Background

Human immunodeficiency virus (HIV) infection has become a major contributor to the global burden of disease, with nearly 35.3 million people infected in 2012 and sub-Saharan Africa accounting for 70.8% of the infected population [1]. Fortunately, with the introduction of antiretroviral therapy (ART), the number of AIDS-related deaths has steadily declined, and the life expectancy of HIV-infected people has reliably increased. Now, in addition to finding treatments to prevent and cure HIV infection, attention has shifted toward improving HIV-infected people’s quality of life.
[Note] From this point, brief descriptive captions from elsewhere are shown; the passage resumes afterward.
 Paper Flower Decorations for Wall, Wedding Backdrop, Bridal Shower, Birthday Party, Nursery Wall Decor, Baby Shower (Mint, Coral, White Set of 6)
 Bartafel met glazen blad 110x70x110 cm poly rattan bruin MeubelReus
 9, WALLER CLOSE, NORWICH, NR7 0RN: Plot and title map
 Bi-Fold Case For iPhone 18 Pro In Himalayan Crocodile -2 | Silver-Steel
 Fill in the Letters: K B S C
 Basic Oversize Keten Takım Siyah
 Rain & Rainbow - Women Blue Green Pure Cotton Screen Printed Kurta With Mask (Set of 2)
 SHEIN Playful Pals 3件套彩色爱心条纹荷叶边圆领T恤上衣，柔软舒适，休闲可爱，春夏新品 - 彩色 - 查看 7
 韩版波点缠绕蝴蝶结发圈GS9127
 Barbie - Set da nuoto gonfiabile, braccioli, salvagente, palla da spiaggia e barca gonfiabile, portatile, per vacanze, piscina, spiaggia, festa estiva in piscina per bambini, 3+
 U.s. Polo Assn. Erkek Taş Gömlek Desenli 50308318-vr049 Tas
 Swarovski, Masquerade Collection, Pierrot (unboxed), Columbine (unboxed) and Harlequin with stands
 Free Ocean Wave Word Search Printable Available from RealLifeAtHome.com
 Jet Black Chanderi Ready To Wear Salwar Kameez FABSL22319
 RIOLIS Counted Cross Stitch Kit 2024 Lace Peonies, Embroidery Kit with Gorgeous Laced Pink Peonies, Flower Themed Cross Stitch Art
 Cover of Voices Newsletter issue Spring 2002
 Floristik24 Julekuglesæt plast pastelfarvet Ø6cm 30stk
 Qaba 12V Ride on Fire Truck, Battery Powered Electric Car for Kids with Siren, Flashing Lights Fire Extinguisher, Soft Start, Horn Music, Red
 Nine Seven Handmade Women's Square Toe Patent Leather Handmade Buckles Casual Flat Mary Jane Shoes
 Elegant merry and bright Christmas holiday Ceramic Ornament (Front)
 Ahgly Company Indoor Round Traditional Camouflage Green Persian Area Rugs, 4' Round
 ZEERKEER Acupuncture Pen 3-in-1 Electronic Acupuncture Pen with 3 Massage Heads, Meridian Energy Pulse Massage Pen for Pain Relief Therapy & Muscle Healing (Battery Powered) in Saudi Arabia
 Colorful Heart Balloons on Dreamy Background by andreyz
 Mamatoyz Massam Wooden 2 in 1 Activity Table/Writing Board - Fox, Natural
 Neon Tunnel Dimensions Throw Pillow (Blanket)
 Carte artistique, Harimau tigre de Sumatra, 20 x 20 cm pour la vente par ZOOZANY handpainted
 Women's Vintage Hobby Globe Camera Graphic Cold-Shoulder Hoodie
Psychological health is essential to quality of life. Previous studies have shown that people living with HIV are vulnerable to mental health problems, including depression, anxiety, suicidal behaviour, and substance abuse [2]. A high prevalence of depression among HIV-infected people has been reported to result in decreased life quality, low adherence to antiretroviral medications, and increased mobility [3,4,5]. Moreover, a cross-sectional study concluded that among people living with HIV/AIDS, women presented more severe symptoms of depression than men [6].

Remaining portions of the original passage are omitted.